Sebenarnya istrinya ini, dalam artian tertentu membuat nyaman karena tidak banyak ikut campur. Dia sosok yang introvert, juga tidak suka keributan; pun selalu percaya pada suaminya. Jadi tidak mungkin dia mengetahui tentang hubungannya dengan Yum. Namun rasa was-was tidak bisa dipungkiri. Dan perasaan ini membuat Sax selalu waspada, menjaga semuanya nampak biasa dan baik-baik saja.

Sejujurnya di hati Sax, sejak pertemuan kembali pertama dengan Yum, ada hal yang membuatnya lebih bergairah dalam menjalani hidup. Hari-hari yang datar, kini terasa lebih berwarna. Sosok yang ceria dan cerita-cerita tentang hidup Yum, seolah menjadi warna baru untuk Sax. Setiap hari keduanya selalu berbagi kabar. Entahlah Sax selalu merasa ada yang kurang jika tidak mendengar kabar dari Yum. Padahal saat ini Yum bukan siapa- siapa Sax. Namun ada degup yang sulit dipungkiri jika menyebut atau sekadar mengingat Yum. Pembawaan Yum yang pandai mencairkan suasana dan mencari topik pembicaraan membuat pertemuan terasa hangat dan tidak kehilangan topik obrolan. Dengan Yum apapun bisa menjadi bahan pembicaraan yang seru.

Dari dalam ranselnya, Sax mengeluarkan novel yang diberikan Yum. Membaca judulnya saja cukup membuat Sax tersenyum, ‘May Be Someday’. Yum berhasil membuat Sax merasa diperhatikan. Yum seolah tahu jika sudah beberapa bulan ini Sax sudah jarang ke toko buku untuk menghadiahi diri sendiri dengan buku bacaan baru. Ah, mungkin Yum bukan “tahu”, dia hanya berbuat dengan tepat.

“Abang, ini kopinya.”

Suara istrinya. Sax terperanjat, sekaligus terkejut kenapa dia terperanjat. Dia tidak sedang melakukan sesuatu yang terlarang. Dia hanya sedang telungkup di sofa sambil membaca novel. Itu bukan sesuatu yang salah. Tapi dia tetap terperanjat mendengar suara istrinya.

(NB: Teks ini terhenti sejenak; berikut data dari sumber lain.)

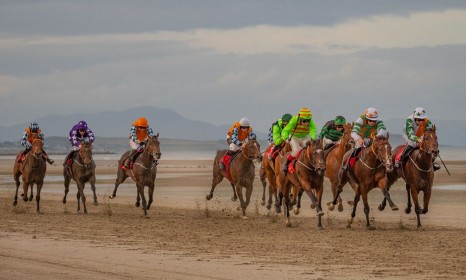 Highly Commended: Laytown Races by Sylvia Hick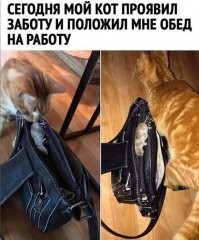 Смешные и познавательные картинки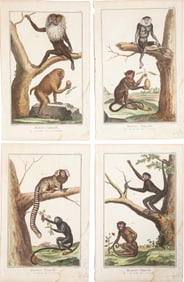 After François-Nicolas Martinet, French, 1731-1800, "Le Papion & L'Ouandérou", "Le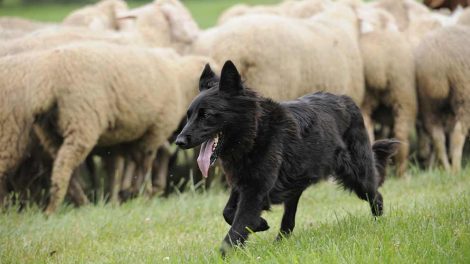 Bekendtgørelse om overdragelse af hundehvalpe Hunde love & bekendtg.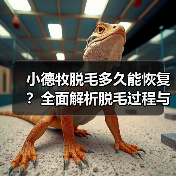 小德牧脱毛多久能恢复?全面解析脱毛过程与护理技巧(图4) 小德牧脱毛多久能恢复?全面解析脱毛过程与护理技巧(图4)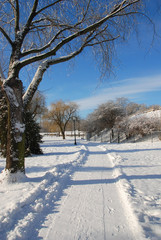 snowy winter landscape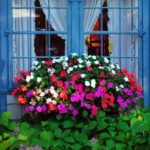 παράθυρα διακοσμημένα με λουλούδια (6)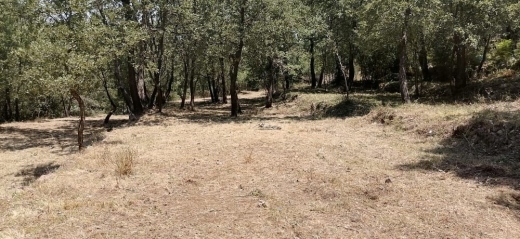 Land for Sale in Bzebdine — 5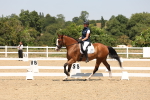 SBM_004980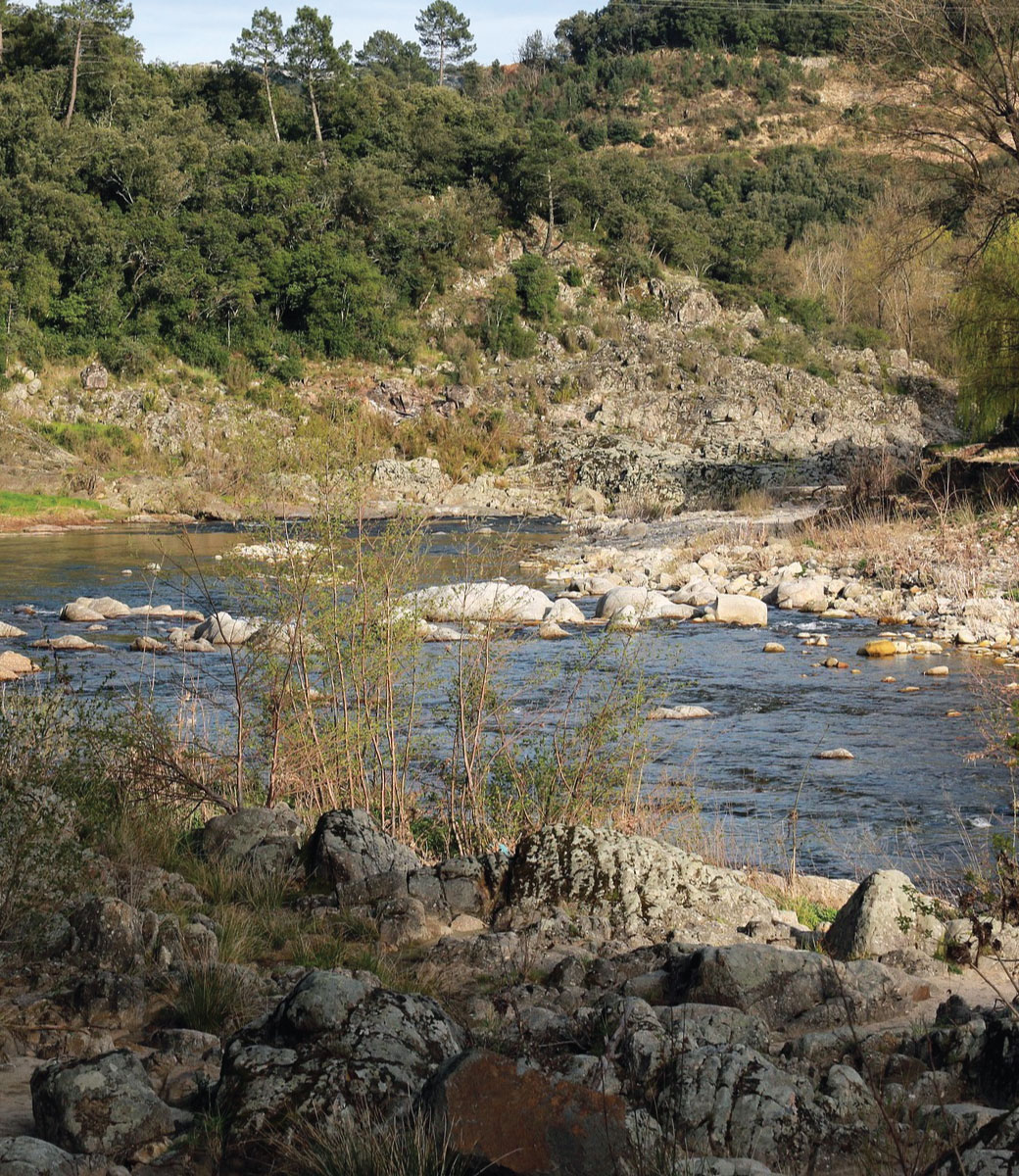 cévennes gite de charme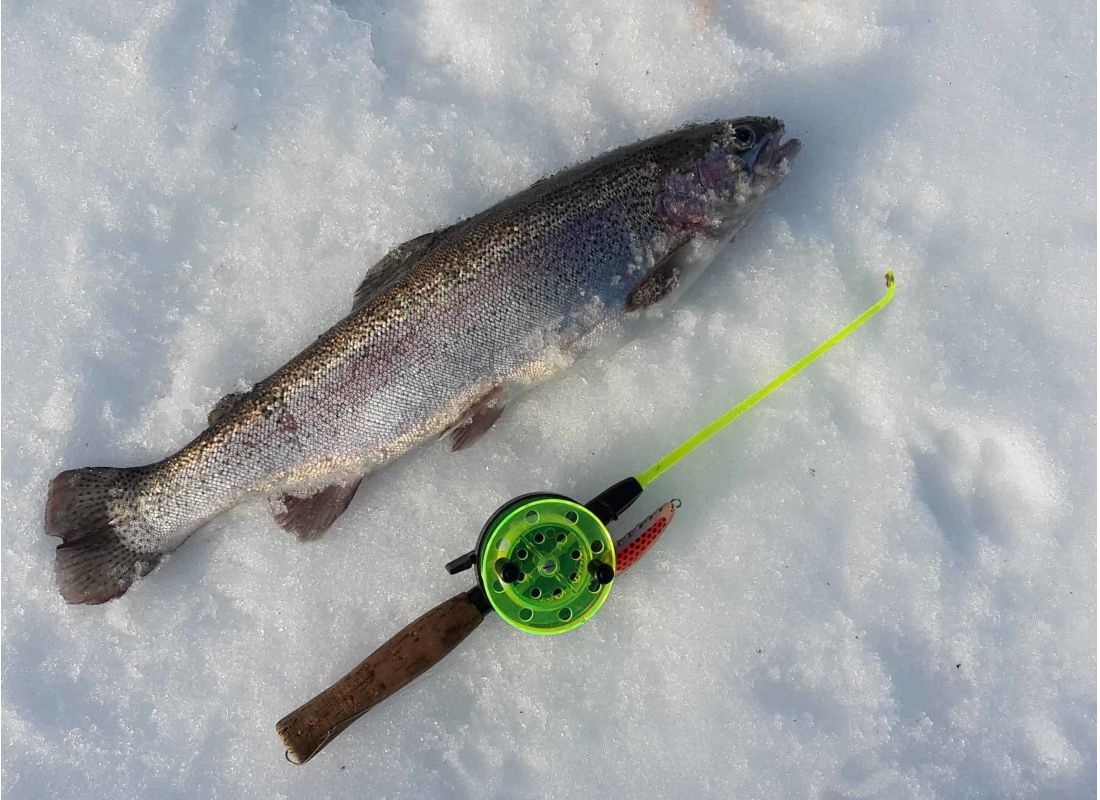 Fromhedens Camping — Місце для кемперів in Fromheden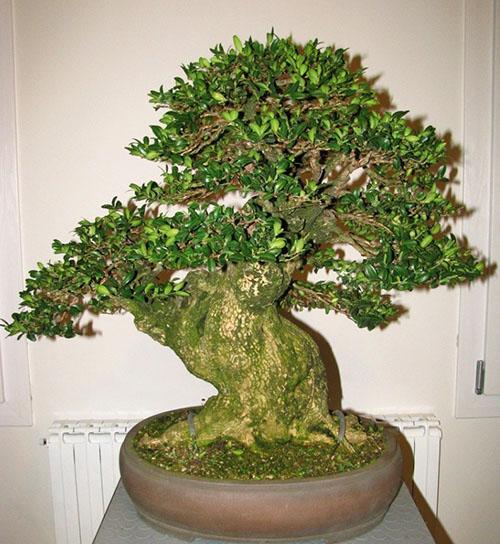 Bonsai de boj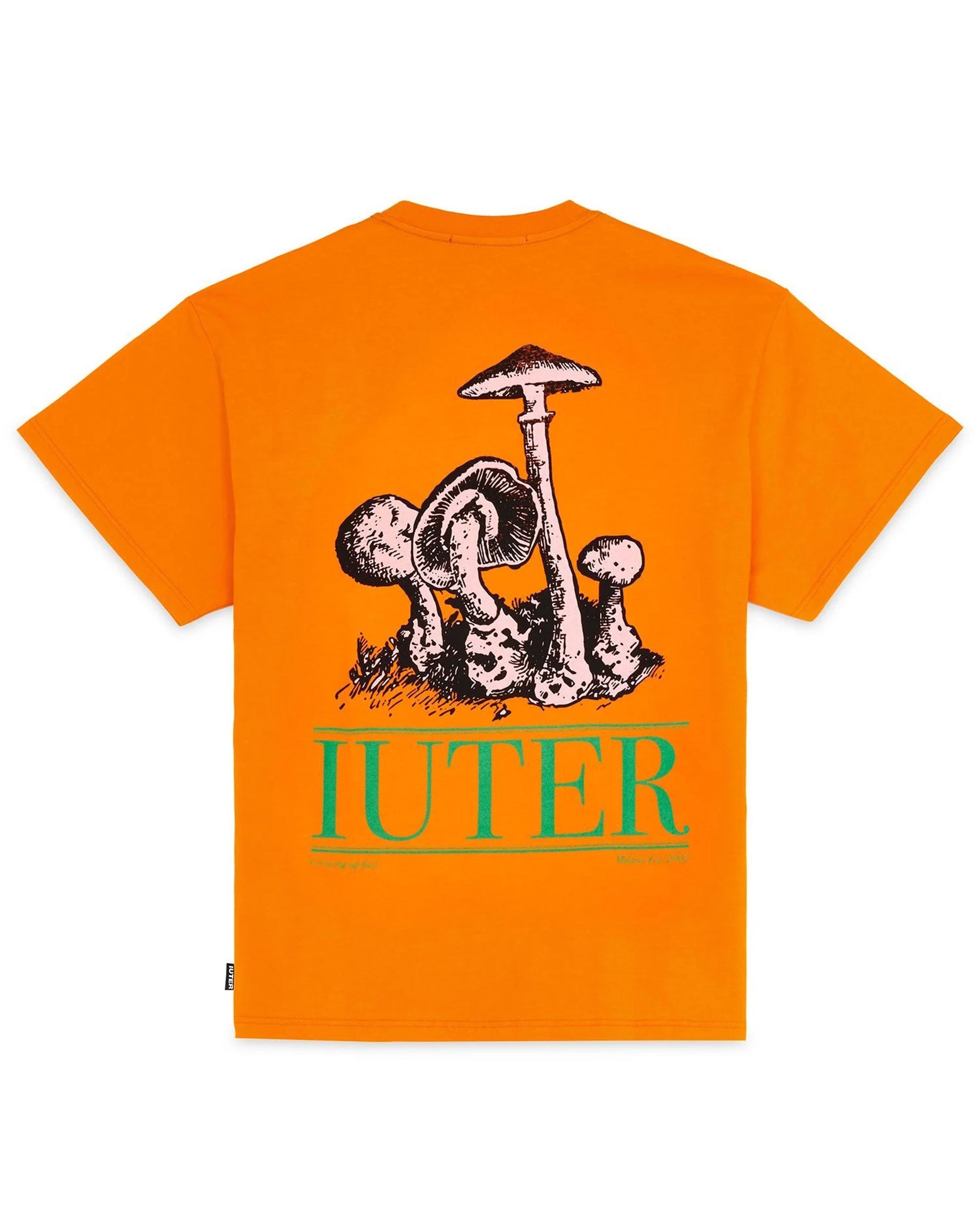 T-Shirt Uomo Iuter Growing Tee Arancione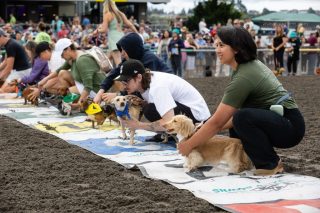 Wiener Dog & Small Dog Races at Emerald Downs 2026 (photo: Lisa Hagen Glynn)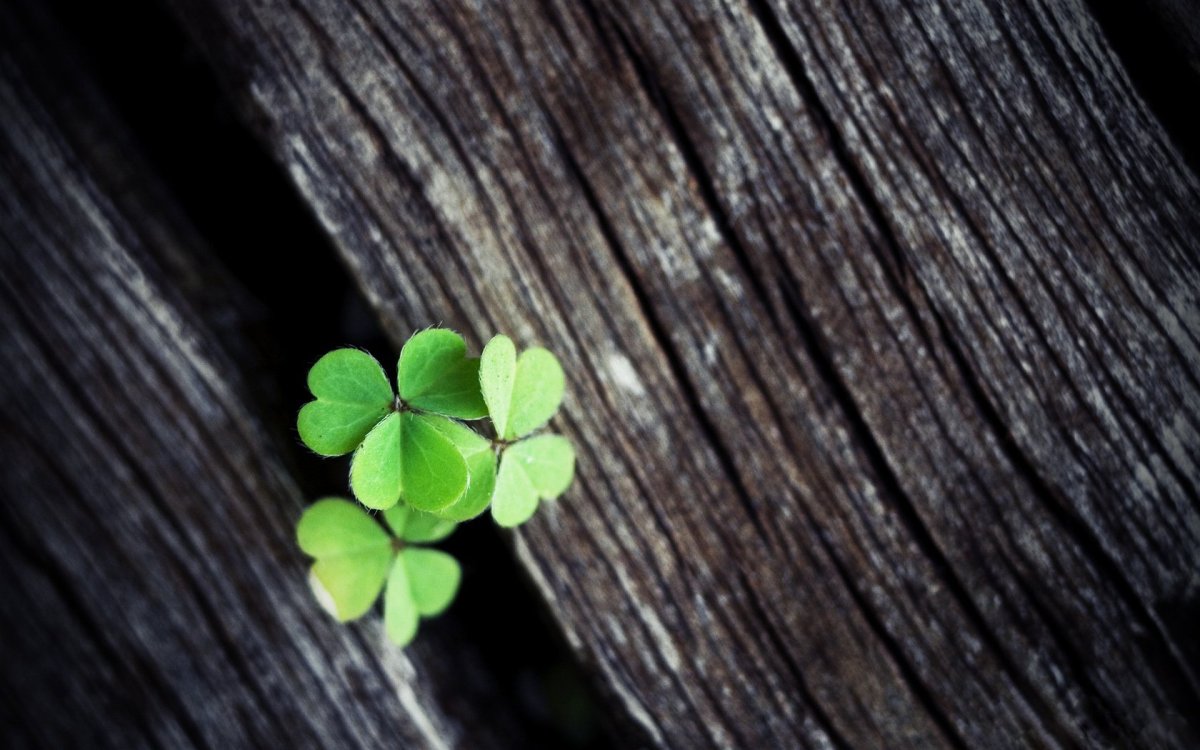 Заставка на айфон Клевер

Sax melirik. Istrinya tampak sedang menaruh cangkir berisi kopi di atas nakas. Wangi kopi itu menguar, sedikit dapat meregangkan otot-otot kepala yang mendadak menegang. Sax membalas senyum manis istrinya.

“Novel baru?”

“Iya…”

Istri duduk di samping tempat tidur. Sax melirik dirinya merasa, seolah sedang mencurigainya. Tapi dirinya berusaha menepis dan meyakinkan bahwa semua hanya perasaan biasa saja.

“Ceritanya apa?”

“Ini? Cinta…”

Sax menjawab seperlunya, dia kembali berkutat dengan bukunya, atau paling tidak agar istrinya tahu dia sedang sibuk membaca.

“Diminum kopinya bang, nanti dingin.”

Sax segera mengangguk dan mengambil cangkir kopi itu, menyesapnya. Semata-mata agar istrinya segera diam, istrinya tampak melirik sampul buku

“Tumben, belanja buku?”

“Iya…”

“Kapan ke toko bukunya?”

“Beberapa hari lalu.”

Sax sulit fokus. Suasana terasa tidak nyaman dan Sax mengurungkan niatnya membaca. Lalumenaruh buku itu di atas nakas. Namun istrinya tiba-tiba mengambil novel itu. Sax jadi serba salah. Dia mengulurkan tangan, meminta bukunya lagi

“Sini, abang mau lanjut baca!”

“Kok aku nggak boleh lihat?”

“Siapa bilang tak boleh?”

“Itu langsung diminta, padahal dibuka saja belum.” Istrinya agak merenggut, tapi dia menyerahkan juga buku.